Zeppos Discusses Funding, Regulation in D.C.

Photo of Chancellor Nicholas S. Zeppos with U.S. Rep. Chuck Fleischmann (R-Tenn.)
Chancellor Nicholas S. Zeppos, right, speaks with U.S. Rep. Chuck Fleischmann (R-Tenn.) at Vanderbilt’s congressional reception in Washington, D.C., in June. (PHOTO BY AARON CLAMAGE, PHOTOGRAPHER IN WASHINGTON, D.C.)

Chancellor Nicholas S. Zeppos visited with members of Congress in Washington, D.C., June 8–9 to encourage members to reach a budget agreement that allows for additional discretionary funding for important priorities such as research and education.

“My message on Capitol Hill was clear: Our country needs to continue to invest robustly in basic research,” Zeppos says. “Congress and the administration need to provide sustained, steady funding for scientific research across all disciplines.”
Zeppos also spoke about ways to improve the higher education regulatory environment, citing recommendations included in the final report of the Task Force on Government Regulation of Higher Education, which he co-chaired.

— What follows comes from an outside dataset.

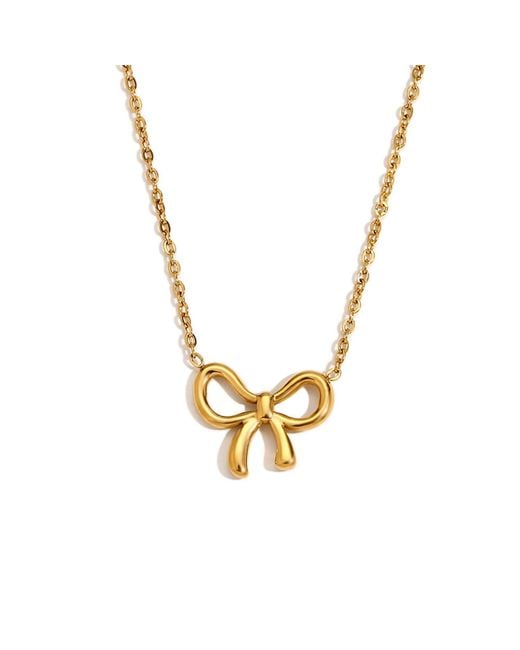 Olivia Le Metallic Dainty Minimalist Bow Pendant Necklace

He emphasized preserving important, effective regulations while identifying smarter, more efficient regulations overall.

“Federal regulations serve an important purpose of protecting students and families and providing transparency and accountability in how federal dollars are spent,” he says. “The recommendations we are advocating are largely common-sense solutions to the jungle of red tape our institutions face.”

In February, Zeppos testified before the U.S. Senate Health, Education, Labor and Pensions (HELP) Committee that federal oversight of higher education has expanded to the point of undermining the ability of colleges and universities to function in a dynamic economy. Many of the U.S. Department of Education’s regulations “are well-intended but unnecessarily voluminous, too often ambiguous, and the cost of compliance has become unreasonable,” said Zeppos during his testimony.

The Task Force on Government Regulation of Higher Education was formed in November 2013 by four senators, including Lamar Alexander, BA’62, R-Tenn. (the current chairman of the committee), to conduct a comprehensive, nonpartisan review of the Department of Education’s regulations and reporting requirements on colleges and universities.